##### SUPPLIED RECORDS #####
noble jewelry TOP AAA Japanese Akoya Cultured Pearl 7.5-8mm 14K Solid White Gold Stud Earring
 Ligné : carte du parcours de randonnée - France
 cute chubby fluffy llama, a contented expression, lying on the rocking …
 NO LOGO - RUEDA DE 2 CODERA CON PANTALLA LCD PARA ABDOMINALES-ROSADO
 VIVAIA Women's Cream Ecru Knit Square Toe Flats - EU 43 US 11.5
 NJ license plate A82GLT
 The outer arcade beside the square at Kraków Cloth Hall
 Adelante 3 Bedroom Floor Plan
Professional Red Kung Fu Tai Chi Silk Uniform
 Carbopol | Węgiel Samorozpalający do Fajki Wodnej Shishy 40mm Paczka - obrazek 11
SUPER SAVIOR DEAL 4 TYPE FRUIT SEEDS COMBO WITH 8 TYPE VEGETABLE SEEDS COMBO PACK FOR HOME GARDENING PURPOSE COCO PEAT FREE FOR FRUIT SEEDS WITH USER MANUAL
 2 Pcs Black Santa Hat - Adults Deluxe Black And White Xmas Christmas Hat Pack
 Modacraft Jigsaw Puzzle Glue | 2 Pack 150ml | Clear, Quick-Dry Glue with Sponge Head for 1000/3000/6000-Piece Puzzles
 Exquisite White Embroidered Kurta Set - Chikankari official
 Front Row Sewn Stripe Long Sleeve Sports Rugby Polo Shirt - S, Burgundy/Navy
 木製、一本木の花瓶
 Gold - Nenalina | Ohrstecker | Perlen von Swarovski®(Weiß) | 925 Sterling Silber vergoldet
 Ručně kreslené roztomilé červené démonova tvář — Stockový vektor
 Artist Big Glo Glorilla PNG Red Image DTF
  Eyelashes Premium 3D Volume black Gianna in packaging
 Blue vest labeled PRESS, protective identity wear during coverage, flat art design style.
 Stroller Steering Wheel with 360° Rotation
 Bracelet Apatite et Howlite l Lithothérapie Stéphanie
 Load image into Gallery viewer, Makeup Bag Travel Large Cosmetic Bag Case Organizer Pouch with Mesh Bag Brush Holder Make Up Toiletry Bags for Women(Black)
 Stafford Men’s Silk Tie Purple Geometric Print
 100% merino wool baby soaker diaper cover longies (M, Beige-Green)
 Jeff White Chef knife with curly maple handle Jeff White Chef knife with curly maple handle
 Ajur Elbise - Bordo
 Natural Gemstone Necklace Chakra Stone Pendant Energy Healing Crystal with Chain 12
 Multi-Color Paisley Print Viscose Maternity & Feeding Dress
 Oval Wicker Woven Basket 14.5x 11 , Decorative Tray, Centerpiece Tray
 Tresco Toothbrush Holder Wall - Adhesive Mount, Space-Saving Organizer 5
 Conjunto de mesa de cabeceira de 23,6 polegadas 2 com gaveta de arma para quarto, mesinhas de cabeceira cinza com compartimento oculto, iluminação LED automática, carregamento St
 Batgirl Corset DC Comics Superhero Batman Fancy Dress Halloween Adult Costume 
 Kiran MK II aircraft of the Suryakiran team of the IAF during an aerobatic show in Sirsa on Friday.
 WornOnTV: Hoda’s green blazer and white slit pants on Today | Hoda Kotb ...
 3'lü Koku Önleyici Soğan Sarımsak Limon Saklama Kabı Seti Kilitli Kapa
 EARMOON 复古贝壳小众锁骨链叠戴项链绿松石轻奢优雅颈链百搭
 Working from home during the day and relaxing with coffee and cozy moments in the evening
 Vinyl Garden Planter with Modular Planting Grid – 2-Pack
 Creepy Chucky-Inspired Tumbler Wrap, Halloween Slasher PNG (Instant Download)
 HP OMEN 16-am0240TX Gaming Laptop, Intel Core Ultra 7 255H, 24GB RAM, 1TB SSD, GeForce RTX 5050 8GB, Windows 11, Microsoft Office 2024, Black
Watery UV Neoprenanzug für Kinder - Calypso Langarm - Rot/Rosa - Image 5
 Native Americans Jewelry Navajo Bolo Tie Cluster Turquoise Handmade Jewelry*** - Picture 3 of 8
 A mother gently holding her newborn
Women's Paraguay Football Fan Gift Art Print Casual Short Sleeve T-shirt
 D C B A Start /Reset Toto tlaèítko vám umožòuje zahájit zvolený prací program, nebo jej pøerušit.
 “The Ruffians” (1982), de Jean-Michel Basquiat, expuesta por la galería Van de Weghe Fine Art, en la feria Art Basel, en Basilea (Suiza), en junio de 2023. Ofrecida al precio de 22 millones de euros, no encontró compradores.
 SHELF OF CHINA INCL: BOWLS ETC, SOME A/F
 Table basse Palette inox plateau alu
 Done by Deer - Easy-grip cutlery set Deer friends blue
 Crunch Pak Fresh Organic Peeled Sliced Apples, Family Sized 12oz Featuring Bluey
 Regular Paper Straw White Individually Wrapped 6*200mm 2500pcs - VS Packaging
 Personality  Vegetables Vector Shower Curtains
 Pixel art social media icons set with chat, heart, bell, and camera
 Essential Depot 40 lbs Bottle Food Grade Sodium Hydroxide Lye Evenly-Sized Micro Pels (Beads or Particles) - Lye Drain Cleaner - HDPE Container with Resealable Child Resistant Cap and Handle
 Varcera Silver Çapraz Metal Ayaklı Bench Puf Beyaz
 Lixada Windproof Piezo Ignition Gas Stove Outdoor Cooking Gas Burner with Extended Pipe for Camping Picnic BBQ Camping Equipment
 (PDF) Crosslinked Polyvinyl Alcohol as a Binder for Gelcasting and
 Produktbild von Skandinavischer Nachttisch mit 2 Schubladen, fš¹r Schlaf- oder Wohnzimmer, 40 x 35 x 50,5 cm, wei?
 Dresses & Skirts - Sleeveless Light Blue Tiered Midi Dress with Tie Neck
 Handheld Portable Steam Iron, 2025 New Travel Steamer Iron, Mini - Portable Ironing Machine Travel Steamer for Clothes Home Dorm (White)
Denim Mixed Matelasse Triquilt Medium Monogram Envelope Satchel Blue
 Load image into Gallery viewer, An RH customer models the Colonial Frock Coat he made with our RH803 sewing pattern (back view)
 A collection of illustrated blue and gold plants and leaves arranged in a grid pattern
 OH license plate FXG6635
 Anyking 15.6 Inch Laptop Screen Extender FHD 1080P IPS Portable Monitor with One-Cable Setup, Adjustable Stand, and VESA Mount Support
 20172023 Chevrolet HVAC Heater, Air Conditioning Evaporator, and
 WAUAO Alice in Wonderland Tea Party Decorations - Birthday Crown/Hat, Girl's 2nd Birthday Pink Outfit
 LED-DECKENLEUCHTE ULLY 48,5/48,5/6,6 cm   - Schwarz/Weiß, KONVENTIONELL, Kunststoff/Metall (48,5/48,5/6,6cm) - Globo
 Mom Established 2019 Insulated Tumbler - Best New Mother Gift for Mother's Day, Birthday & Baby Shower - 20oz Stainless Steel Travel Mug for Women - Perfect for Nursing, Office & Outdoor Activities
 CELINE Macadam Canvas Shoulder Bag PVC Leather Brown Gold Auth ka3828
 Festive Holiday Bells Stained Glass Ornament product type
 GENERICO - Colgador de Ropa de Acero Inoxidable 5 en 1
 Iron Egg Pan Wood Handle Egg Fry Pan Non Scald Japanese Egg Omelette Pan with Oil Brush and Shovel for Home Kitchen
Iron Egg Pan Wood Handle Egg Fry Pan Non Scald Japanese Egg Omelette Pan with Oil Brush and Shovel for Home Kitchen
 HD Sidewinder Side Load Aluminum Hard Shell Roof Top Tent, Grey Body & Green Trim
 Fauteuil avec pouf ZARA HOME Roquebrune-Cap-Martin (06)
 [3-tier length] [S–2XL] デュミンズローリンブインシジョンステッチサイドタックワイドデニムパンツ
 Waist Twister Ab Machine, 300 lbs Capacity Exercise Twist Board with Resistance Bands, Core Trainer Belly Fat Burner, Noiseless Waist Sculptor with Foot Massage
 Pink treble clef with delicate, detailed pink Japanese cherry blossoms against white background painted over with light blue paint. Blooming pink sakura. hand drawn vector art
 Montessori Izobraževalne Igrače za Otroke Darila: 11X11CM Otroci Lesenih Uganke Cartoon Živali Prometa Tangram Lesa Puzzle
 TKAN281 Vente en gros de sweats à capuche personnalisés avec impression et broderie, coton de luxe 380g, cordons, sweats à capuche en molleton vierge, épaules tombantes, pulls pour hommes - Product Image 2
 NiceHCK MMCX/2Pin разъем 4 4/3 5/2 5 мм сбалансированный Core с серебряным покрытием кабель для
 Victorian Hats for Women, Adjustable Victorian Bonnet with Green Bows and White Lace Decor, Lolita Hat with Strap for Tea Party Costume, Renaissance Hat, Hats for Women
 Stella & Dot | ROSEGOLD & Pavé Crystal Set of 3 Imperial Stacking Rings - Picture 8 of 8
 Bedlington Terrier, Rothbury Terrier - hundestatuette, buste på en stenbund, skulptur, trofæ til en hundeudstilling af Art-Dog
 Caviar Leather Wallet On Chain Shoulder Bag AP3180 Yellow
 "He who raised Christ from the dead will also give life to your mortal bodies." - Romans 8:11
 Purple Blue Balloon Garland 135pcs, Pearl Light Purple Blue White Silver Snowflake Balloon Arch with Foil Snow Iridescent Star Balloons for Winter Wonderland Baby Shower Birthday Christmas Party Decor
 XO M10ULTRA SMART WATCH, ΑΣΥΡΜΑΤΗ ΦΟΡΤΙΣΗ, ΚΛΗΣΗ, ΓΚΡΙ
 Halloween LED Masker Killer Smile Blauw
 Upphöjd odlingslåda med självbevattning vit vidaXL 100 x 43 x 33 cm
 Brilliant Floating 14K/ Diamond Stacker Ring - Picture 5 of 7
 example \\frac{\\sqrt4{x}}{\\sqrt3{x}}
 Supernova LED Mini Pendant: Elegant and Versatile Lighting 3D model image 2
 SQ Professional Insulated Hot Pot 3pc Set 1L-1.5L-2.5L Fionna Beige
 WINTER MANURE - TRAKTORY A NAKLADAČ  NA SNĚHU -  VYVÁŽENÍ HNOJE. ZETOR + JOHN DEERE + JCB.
#####
TASK STATEMENT —
Of the entries listed above, reproduce only the lines starting at the line containing "Batgirl Corset DC" and ending at the line containing "EARMOON 复古贝壳小众锁骨链叠戴项链绿松石轻奢优雅颈链百搭". Include both, exactly as they stand.

WRITTEN REPLY —
 Batgirl Corset DC Comics Superhero Batman Fancy Dress Halloween Adult Costume 
 Kiran MK II aircraft of the Suryakiran team of the IAF during an aerobatic show in Sirsa on Friday.
 WornOnTV: Hoda’s green blazer and white slit pants on Today | Hoda Kotb ...
 3'lü Koku Önleyici Soğan Sarımsak Limon Saklama Kabı Seti Kilitli Kapa
 EARMOON 复古贝壳小众锁骨链叠戴项链绿松石轻奢优雅颈链百搭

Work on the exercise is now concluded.